>>>>>

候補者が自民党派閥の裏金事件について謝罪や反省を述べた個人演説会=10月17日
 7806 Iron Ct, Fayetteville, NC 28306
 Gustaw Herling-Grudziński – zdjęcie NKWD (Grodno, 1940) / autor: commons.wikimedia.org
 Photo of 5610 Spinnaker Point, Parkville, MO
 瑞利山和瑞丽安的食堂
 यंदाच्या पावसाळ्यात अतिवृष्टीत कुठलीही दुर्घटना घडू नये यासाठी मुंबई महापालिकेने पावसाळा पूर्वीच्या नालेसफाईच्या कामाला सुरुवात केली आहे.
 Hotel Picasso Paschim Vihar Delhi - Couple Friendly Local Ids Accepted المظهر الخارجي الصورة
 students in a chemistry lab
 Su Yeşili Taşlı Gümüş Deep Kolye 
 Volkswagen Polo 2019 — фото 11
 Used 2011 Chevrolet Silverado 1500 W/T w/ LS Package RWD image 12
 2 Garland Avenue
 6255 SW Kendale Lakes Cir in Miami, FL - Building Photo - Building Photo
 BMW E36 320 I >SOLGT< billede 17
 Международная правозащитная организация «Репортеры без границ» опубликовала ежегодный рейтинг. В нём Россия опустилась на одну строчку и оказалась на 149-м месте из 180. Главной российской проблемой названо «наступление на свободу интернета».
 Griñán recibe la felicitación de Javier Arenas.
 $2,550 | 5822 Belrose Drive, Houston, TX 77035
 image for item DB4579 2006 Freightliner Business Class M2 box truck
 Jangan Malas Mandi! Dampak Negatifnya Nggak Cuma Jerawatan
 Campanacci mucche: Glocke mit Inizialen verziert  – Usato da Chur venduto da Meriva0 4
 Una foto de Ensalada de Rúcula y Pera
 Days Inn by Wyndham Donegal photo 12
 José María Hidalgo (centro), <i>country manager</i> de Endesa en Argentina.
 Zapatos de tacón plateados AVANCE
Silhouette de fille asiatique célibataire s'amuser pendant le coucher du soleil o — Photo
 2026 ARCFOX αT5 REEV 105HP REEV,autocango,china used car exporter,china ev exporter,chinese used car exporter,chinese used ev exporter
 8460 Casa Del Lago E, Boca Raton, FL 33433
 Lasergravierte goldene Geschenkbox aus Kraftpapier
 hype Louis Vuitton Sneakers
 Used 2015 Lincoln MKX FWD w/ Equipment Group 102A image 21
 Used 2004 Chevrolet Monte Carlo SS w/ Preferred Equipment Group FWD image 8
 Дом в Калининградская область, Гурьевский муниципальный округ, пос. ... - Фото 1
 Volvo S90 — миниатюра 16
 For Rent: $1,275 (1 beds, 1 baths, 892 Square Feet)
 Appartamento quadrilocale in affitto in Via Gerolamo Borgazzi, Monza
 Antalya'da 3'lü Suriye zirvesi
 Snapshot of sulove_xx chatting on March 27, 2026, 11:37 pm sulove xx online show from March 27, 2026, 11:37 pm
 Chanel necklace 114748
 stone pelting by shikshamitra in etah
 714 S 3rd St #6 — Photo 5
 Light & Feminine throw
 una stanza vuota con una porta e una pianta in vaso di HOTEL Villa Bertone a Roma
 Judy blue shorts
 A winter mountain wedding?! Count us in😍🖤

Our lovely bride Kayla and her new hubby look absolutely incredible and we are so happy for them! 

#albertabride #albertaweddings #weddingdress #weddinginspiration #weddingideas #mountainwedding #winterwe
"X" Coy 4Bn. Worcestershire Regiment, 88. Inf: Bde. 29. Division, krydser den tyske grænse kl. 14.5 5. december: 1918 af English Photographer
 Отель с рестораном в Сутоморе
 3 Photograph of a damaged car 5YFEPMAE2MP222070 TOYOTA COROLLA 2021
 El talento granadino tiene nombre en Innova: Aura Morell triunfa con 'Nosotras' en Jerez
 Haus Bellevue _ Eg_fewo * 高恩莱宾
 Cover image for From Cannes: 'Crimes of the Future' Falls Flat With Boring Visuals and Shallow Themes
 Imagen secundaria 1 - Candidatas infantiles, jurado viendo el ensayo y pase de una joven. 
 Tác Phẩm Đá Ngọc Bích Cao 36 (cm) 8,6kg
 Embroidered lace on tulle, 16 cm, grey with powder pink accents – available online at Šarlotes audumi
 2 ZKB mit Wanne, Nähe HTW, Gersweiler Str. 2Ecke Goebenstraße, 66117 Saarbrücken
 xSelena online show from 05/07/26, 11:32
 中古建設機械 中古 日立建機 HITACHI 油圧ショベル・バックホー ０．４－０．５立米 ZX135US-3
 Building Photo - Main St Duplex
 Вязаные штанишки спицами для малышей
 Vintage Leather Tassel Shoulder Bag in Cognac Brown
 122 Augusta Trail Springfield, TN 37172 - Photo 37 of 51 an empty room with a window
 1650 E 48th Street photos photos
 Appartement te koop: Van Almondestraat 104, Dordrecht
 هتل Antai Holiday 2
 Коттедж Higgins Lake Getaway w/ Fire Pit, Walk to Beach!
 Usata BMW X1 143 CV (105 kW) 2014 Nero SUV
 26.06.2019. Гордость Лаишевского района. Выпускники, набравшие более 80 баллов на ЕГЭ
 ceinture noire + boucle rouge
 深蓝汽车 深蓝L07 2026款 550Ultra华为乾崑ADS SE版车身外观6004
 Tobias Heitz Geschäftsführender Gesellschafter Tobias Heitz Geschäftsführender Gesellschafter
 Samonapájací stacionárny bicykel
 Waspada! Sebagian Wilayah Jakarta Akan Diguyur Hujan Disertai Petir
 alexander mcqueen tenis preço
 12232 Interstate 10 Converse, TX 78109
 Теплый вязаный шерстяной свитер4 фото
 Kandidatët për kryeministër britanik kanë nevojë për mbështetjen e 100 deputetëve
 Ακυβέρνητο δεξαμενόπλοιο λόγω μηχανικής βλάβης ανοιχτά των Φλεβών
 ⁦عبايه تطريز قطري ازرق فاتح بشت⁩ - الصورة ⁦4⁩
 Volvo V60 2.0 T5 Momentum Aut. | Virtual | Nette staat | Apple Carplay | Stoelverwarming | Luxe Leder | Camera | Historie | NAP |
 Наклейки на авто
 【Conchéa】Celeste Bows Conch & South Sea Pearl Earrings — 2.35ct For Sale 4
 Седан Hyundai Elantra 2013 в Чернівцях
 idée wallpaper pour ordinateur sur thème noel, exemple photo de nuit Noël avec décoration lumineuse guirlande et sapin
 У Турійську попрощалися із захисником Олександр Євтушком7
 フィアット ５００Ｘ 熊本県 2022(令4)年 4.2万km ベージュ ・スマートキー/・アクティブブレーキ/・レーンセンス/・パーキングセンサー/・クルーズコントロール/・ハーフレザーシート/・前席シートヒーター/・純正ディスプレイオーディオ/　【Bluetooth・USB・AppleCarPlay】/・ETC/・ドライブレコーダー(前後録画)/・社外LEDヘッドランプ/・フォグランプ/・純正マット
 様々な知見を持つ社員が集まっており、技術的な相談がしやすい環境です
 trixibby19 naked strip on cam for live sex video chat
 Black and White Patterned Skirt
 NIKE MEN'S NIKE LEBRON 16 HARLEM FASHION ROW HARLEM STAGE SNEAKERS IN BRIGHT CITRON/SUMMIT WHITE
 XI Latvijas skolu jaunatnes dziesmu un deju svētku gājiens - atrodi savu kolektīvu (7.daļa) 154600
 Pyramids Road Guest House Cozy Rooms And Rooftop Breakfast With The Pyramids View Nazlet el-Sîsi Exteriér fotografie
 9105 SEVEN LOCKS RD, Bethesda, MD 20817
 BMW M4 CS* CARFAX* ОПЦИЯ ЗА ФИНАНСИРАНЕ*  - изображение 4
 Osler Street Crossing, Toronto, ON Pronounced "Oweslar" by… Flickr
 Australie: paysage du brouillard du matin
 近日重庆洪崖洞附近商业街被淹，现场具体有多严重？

<<<<<

Task instructions:
Without changing anything, quote the lines from the top of the data to the line that contains "Houston, TX 77035", including that line.

Problem solution:
候補者が自民党派閥の裏金事件について謝罪や反省を述べた個人演説会=10月17日
 7806 Iron Ct, Fayetteville, NC 28306
 Gustaw Herling-Grudziński – zdjęcie NKWD (Grodno, 1940) / autor: commons.wikimedia.org
 Photo of 5610 Spinnaker Point, Parkville, MO
 瑞利山和瑞丽安的食堂
 यंदाच्या पावसाळ्यात अतिवृष्टीत कुठलीही दुर्घटना घडू नये यासाठी मुंबई महापालिकेने पावसाळा पूर्वीच्या नालेसफाईच्या कामाला सुरुवात केली आहे.
 Hotel Picasso Paschim Vihar Delhi - Couple Friendly Local Ids Accepted المظهر الخارجي الصورة
 students in a chemistry lab
 Su Yeşili Taşlı Gümüş Deep Kolye 
 Volkswagen Polo 2019 — фото 11
 Used 2011 Chevrolet Silverado 1500 W/T w/ LS Package RWD image 12
 2 Garland Avenue
 6255 SW Kendale Lakes Cir in Miami, FL - Building Photo - Building Photo
 BMW E36 320 I >SOLGT< billede 17
 Международная правозащитная организация «Репортеры без границ» опубликовала ежегодный рейтинг. В нём Россия опустилась на одну строчку и оказалась на 149-м месте из 180. Главной российской проблемой названо «наступление на свободу интернета».
 Griñán recibe la felicitación de Javier Arenas.
 $2,550 | 5822 Belrose Drive, Houston, TX 77035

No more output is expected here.